Orci also emphasizes “M:I–3’s” commitment to conveying strong characters. “The first two [Mission: Impossible] films you can describe very much in plot terms,” he says. “This one you can describe in character terms. You can say, ‘Ethan is going about his personal life, and he is brought back into this world for a personal reason.’ It still has all of the things that made the first two great, but the core of the story is very much a personal story.”
Kurtzman and Orci are also excited about the release of “The Legend of Zorro,” which they describe as one of their most enjoyable writing experiences. “Zorro was by far the easiest script for us to write,” Orci recalls. “From the minute we pitched that story, we all agreed on where it needed to go, and we never changed it structurally. Our first instincts were what the movie became.” Kurtzman remarks, “Working with [director] Martin Campbell, we’ve learned that you can still make a very classic swashbuckler, and that is a really fun thing to do. The challenge of a movie like Zorro is figuring out, now that it’s eight years since the first one, how to take [the character’s voices] and how to give them a new spin and a new story.”
Kurtzman and Orci agree that writing the script for Michael Bay’s Transformers film is by far the most challenging project they’ve worked on to date “It’s a new paradigm,” Orci points out. “It’s a live action and super special effects heavy, but the robots have to be characters, and they have to interact believably with humans. It takes out of the box thinking.” Kurtzman adds, “A lot of the requirements of film storytelling are very different from the requirements of comic book storytelling. If you look at movies like X-Men, they find an amazing way to balance and vary the two worlds. That’s totally what we’re going for.”

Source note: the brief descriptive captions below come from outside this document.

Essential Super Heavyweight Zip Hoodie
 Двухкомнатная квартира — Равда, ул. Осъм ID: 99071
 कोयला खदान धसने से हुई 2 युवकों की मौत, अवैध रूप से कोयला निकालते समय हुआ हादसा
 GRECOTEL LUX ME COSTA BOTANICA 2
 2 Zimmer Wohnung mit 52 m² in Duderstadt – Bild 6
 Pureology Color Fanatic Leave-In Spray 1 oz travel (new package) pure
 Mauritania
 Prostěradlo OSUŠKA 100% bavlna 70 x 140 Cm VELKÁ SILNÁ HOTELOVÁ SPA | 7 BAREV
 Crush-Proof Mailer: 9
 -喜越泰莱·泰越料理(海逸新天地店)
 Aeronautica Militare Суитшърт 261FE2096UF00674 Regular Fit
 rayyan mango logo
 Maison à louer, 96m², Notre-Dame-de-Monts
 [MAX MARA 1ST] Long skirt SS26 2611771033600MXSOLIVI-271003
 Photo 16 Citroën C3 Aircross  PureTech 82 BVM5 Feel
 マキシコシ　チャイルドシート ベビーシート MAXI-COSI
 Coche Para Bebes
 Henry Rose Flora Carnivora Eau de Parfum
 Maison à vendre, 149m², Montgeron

With all of the success they’ve had with their screenplays, Kurtzman and Orci will soon take the step from writing to producing and directing. “The next step after writing Transformers is going to be to write something that I will direct, and Bob and I will produce together,” Kurtzman tells me. “We got into writing as a means to directing. A lot of times, the best directors are writers. That is turning out to be true in the case of J.J. Abrams.”
As talented and intelligent at J.J. Abrams is, Kurtzman and Orci are proving that their storytelling abilities are every bit as refined as Abrams’ are. With their smart career moves and savvy writing skills, they are well on their way to becoming the next great storytellers in Hollywood.